The columnist at the STrib -- one of the most reliably anti-war media outlets in the nation -- ends her piece with a question:

We've grown used to news media reports that portray U.S. troops as a malign influence. In recent months, the words prisoner and torture have frequently appeared in the same sentence. Is Buhain the odd man out in an army that is otherwise an oppressive occupying force? Or does our military have countless soldiers like him?

That should not be a question. Any journalist who doesn't know the answer to it, or is too lazy to find out, doesn't know much. And it's disingenuous. It turns the image problem into a military problem. "... [T]he words prisoner and torture have frequently appeared in the same sentence ..." What sentences? Written by whom? Published where? You can't hide the media, try as you might, because it is an element in this story. The critic keeps ending up on stage.

***

On the same site, a few posts earlier, another poster, Michael Stickings, slams the blogging right for its enthusiastic response to the president's latest, and most praiseworthy, speech on Iraq. It seems in their rallying, Michelle Malkin et al threw a few elbow digs at the defeatists. This didn't sit well with Mister Stickings.

It's just that sort of political and ideological correctness that has taken over so much of American conservatism in recent years. The not-so-subtle message is that all criticism of the war, aside from the desire for more war, is defeatism -- worse, it's nothing short of anti-Americanism. You oppose the war... you even oppose the way the war is being conducted... you challenge the powers-that-be in any way... you're un-American... and you'd impose "dire consequences and costs" on "all Americans".

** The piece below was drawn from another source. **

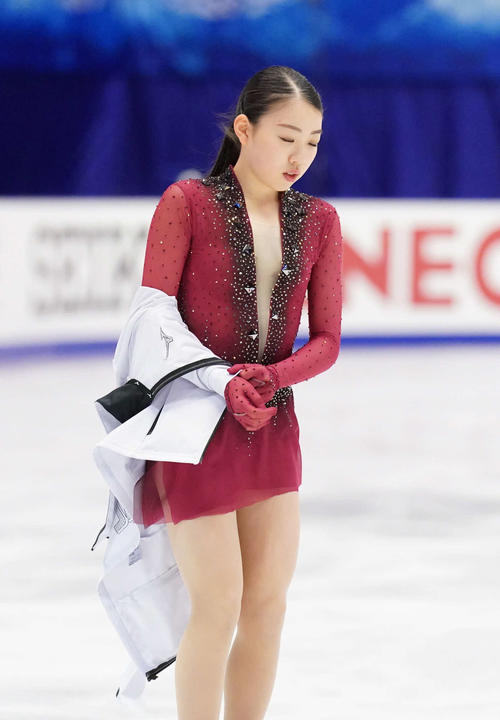 NHK杯　女子SPを前にリンクで練習する紀平（撮影・加藤諒）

Still missing the point. But at least he's got the right essential words. Here's what it should have said:

The not-so-subtle message is that if all you have to offer is criticism of the war, if all you have to say is negative statements without even acknowledgement that there's a real, and serious, and determined enemy to be defeated, as well as years of home-grown bad policy to unbdo and make right, then that's defeatism. If you devote all your political capital, and public presence, and brainpower, and waking hours, to devising lists of everything Americans are not allowed to do in the war, and take no consideration of the nature and brutality of the other side, or to devising alternate strategies that work better than the list of ones you wish to forbid, it's nothing short of anti-Americanism. You oppose the war... you even oppose the way the war is being conducted... you challenge the powers-that-be in any way... and you offer nothing as an alternative except "bring the troops home, leave the poor jihadis alone, announce to the world that we lost the war," how on earth are we supposed to tell the difference between "you" and a fifth-columnist. I mean if we really had nothing to go on but how you devote your energy in the public arena, how would a neutral observer tell the difference? Because if that's all you're about here, you're un-American... and you'd impose "dire consequences and costs" on "all Americans".

Mister Stickings goes on to say,

America is a nation born of dissent. To be American is to be able to dissent -- to say no, to seek alternatives, to refuse to be told what to do and to think and to say. Is that not the American way?

And he concludes, "Those like Malkin and her ilk on the right simply don't know their history. And they certainly don't know what it means truly to be an American."

Which is, pardon me, a historically ignorant thing to say. Hell, it's ignorant overall. Nothing can be built entirely of dissent. America was born in common visions, in awareness of common enemies and common goals. It was built by active pursuit of new ways of living and governing a nation. The "dissent" in the Revolution was the Loyalists.